Problems with the proposed solution:

It is possible that an email provider could sell access to an email message, only to later find that a user now wants that email message permanently deleted.

A formal governing body would have to be established to set auditing rules, and this is both expensive and problematic.

The system does not account for email that leaves the system of voluntary participants.

When senders include the "copy the original" option in email, copies of deteled emails may still exist attached the body of extant email messages that have not been deleted.

Conclusions:

Conclusion: Auditing-verified permanent deletion of email is feasible. It is ethical under Social Contract Theory. For these two reasons it should be adopted.

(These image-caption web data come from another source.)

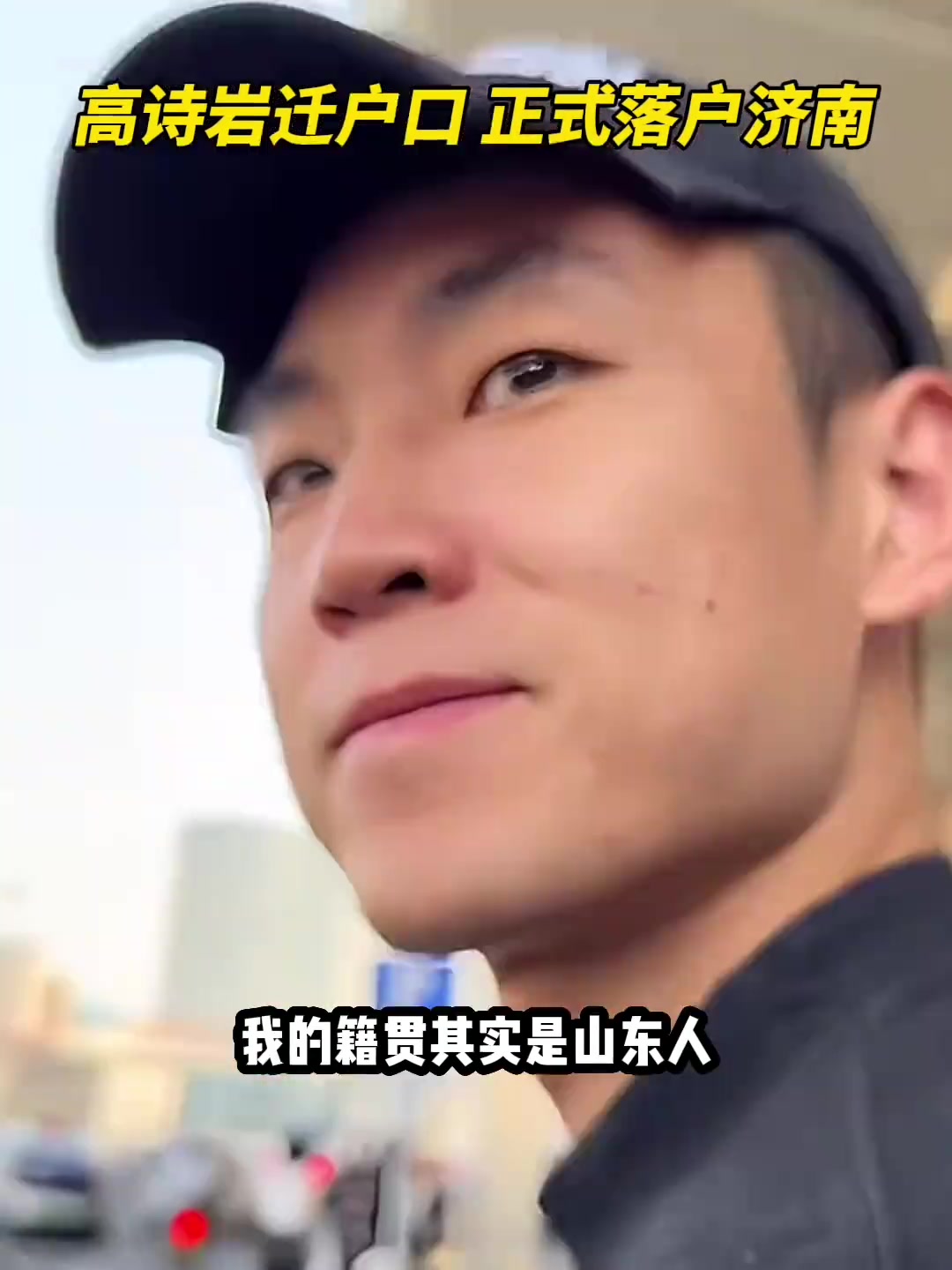 高诗岩谈落户山东:以前我太爷是闯关东来的东北我的籍贯还是山东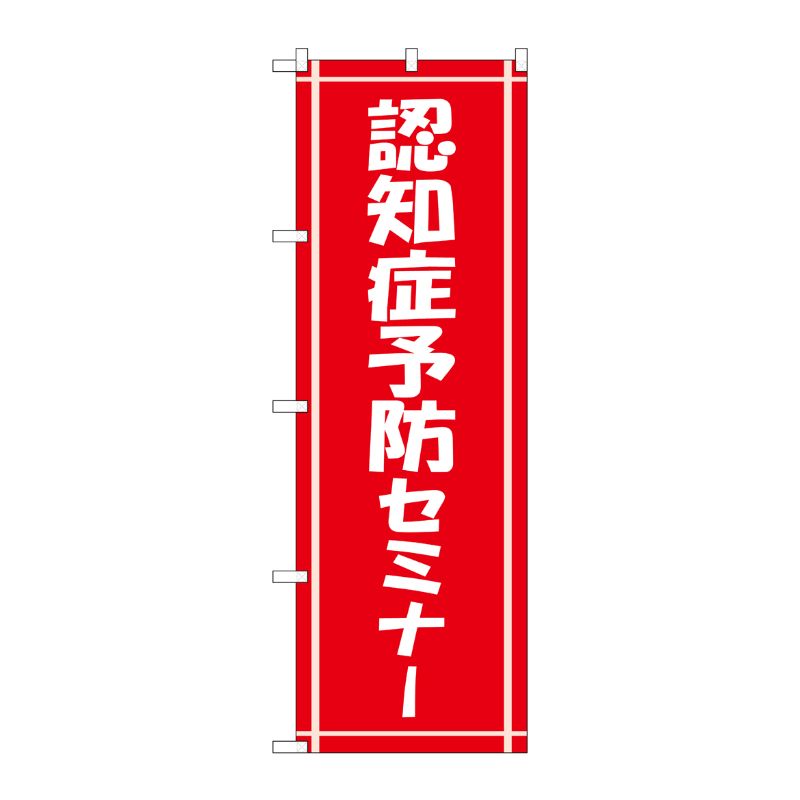 [G] のぼり GNB-3221 認知症予防セミナー P・O・Pプロダクツ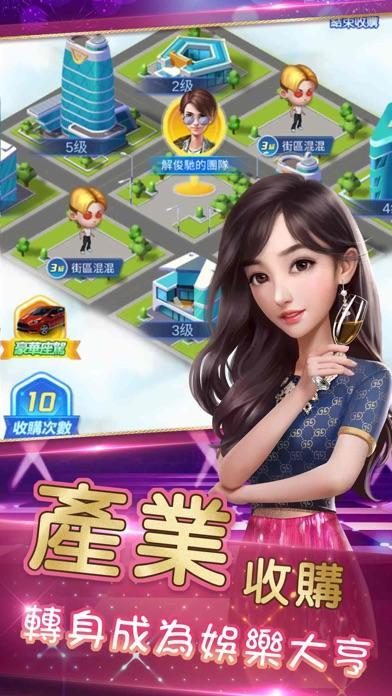 精彩的娱乐圈乙女的游戏分享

Summary: In this paper we have given the details of an email system in which participating providers would voluntarily agree to audits guaranteeing that the email deletions of users are permanent. We discussed specific threats to society such as the example of John where information from a permanet email message was used in an unethical context. Our proposed solution was shown in five detailed ways to be technically feasible. We showed that our solution is ethical under the specific constraints of Social Contrat Theory, including Rawl's Theory of Justice. Lastly we raised concerns that might be encountered with such a system.


Note: In this outline we used an organization that includes sections, statement of the problem, a proposed solution, an analysis, and so on. Your structure might be quite different. It is up to you. As long as the result is clear, there are many good ways to go about creating a structure.

In general, once your outline is clear, with a suitable structure, most of the hard work is finished.